Below are the records; retype them exactly and omit each picture.

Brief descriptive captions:
++++

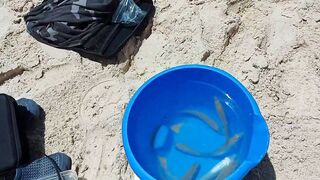 Ашдод, Израиль. Рыбалка с пляжа и кадры под водой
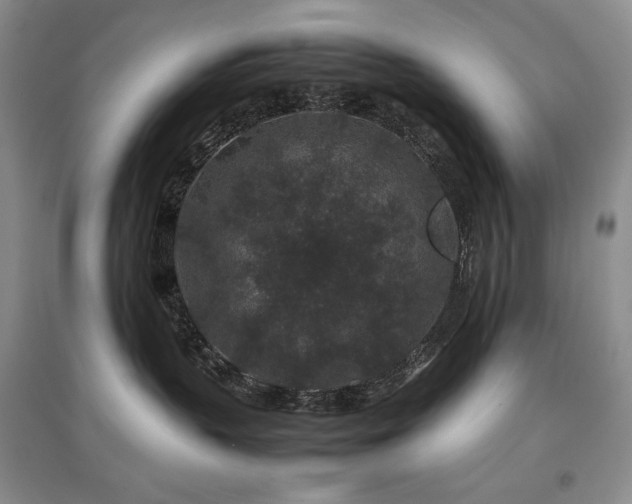 X0000097840383200803141213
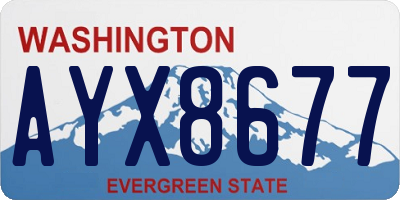 WA license plate AYX8677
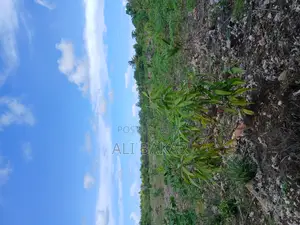 Plot for Sale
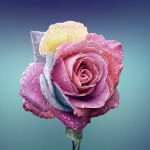 ACTIF ANTI-ÂGE : FRAÎCHE COMME UNE ROSE !
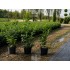 Prunus Laurocerasus Novita (Laur Englezesc Novita)
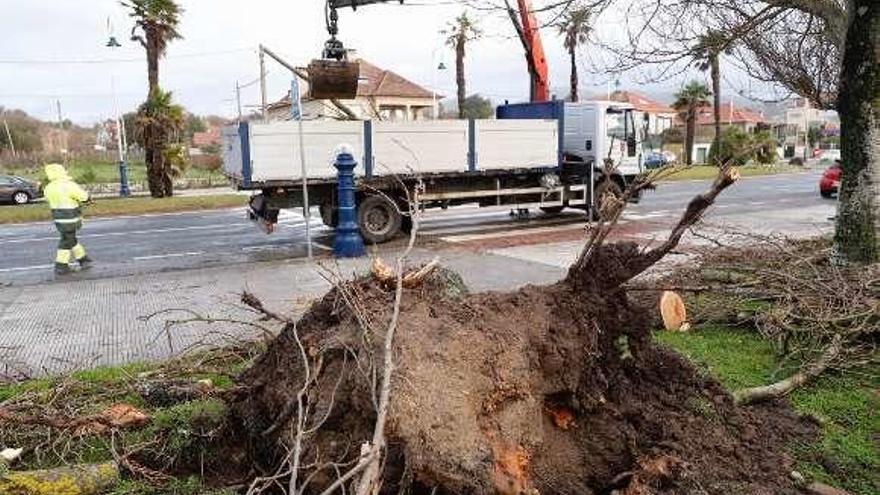 Árboles arrancados en Samil. // J.Lores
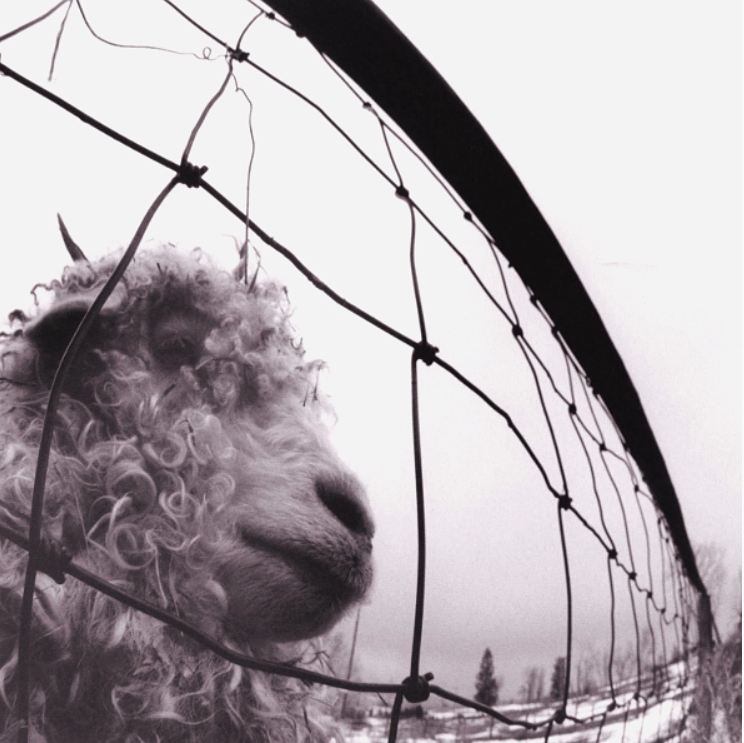 

Pearl Jam – Vs. (LP)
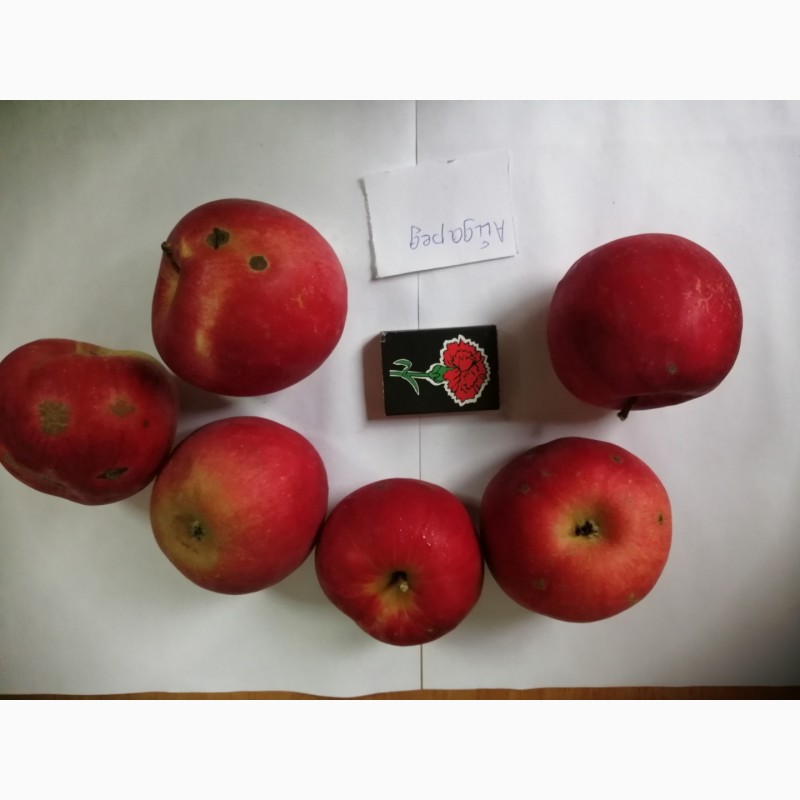 Фото 4. Срочно продам яблоки разных сортов и сок натуральнный от производителя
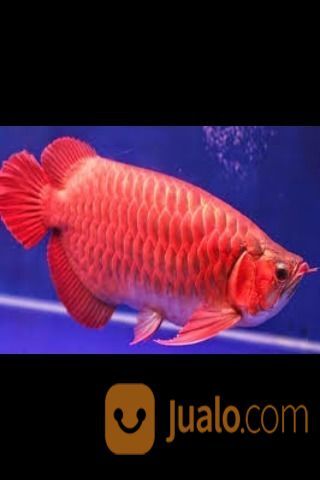 gambar ikan arwana merah - gambar ikan hd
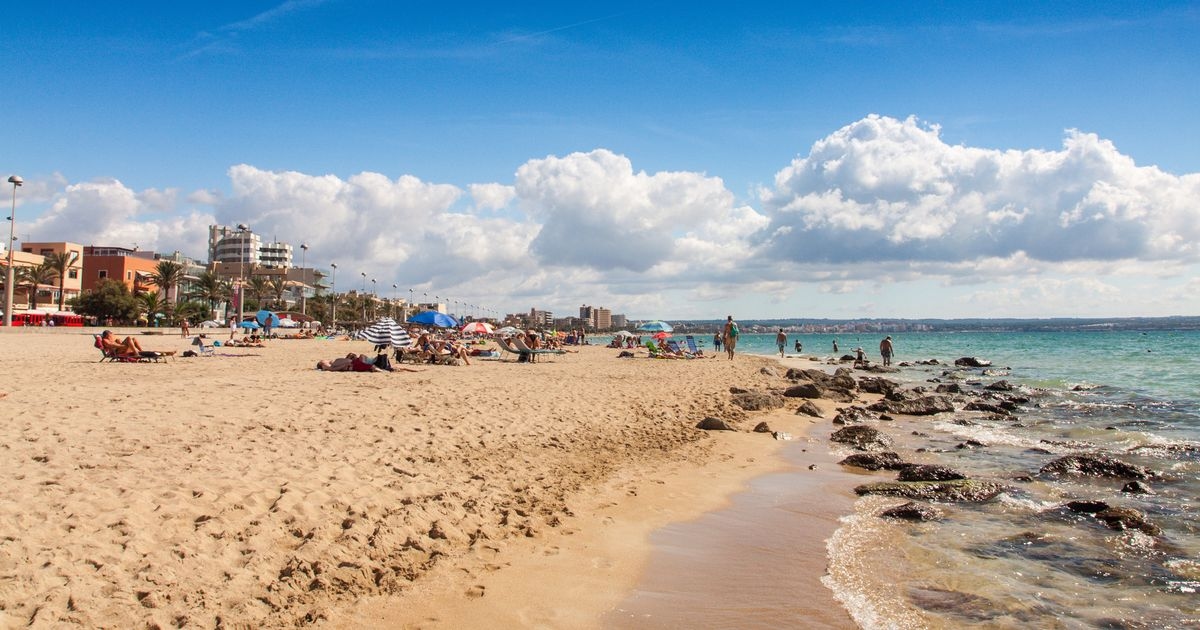 Chaos auf den spanischen Inseln: 45.000 neue Wohnungen nötig, um den „totalen Zusammenbruch“ zu verhindern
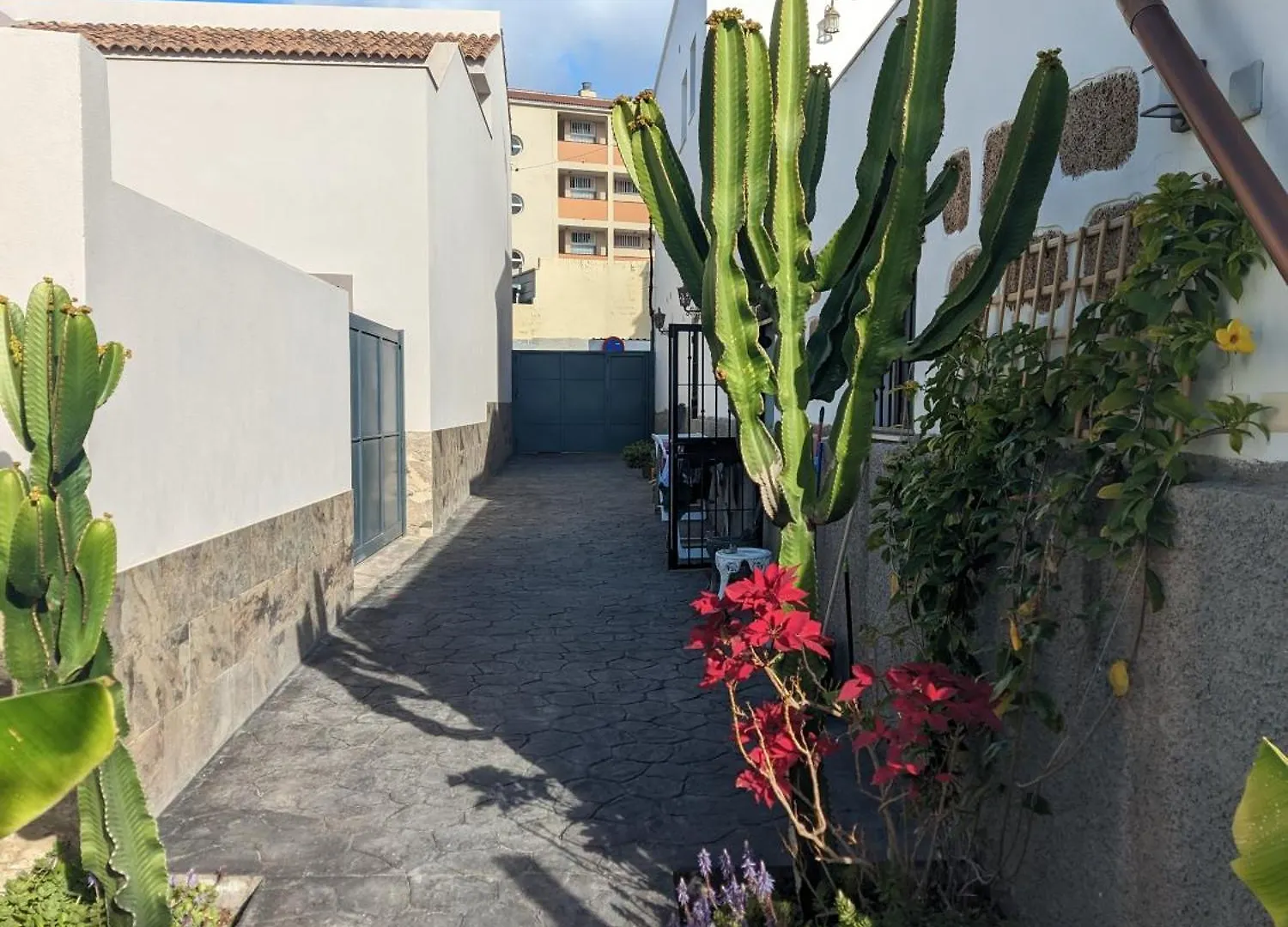 Casa Roberta Tierra Apartment Arona  Arona (Tenerife)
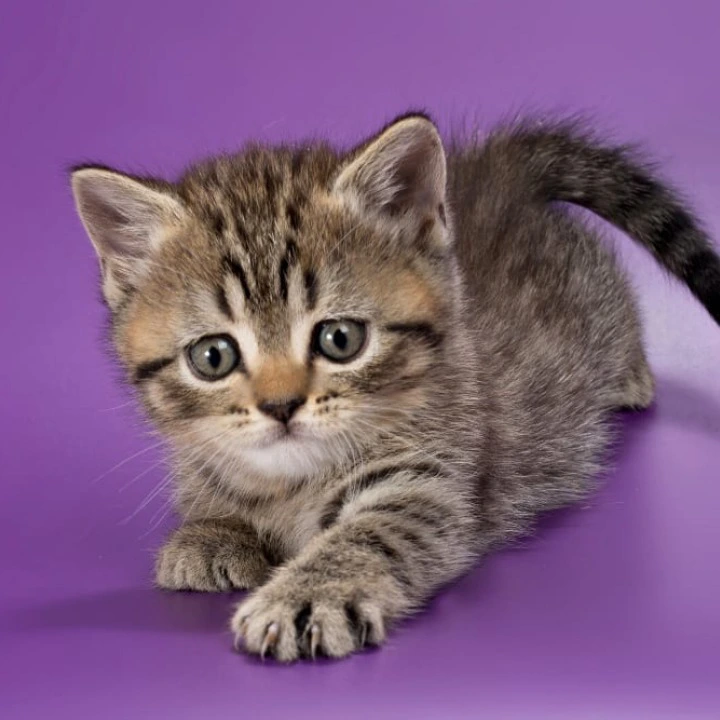 Beatrice British Shorthair Kittens | Kitten for sale.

++++

SOLUTION FOR THIS EXERCISE:
 Ашдод, Израиль. Рыбалка с пляжа и кадры под водой
 X0000097840383200803141213
 WA license plate AYX8677
 Plot for Sale
 ACTIF ANTI-ÂGE : FRAÎCHE COMME UNE ROSE !
 Prunus Laurocerasus Novita (Laur Englezesc Novita)
 Árboles arrancados en Samil. // J.Lores

Pearl Jam – Vs. (LP)
 Фото 4. Срочно продам яблоки разных сортов и сок натуральнный от производителя
 gambar ikan arwana merah - gambar ikan hd
 Chaos auf den spanischen Inseln: 45.000 neue Wohnungen nötig, um den „totalen Zusammenbruch“ zu verhindern
 Casa Roberta Tierra Apartment Arona  Arona (Tenerife)
 Beatrice British Shorthair Kittens | Kitten for sale.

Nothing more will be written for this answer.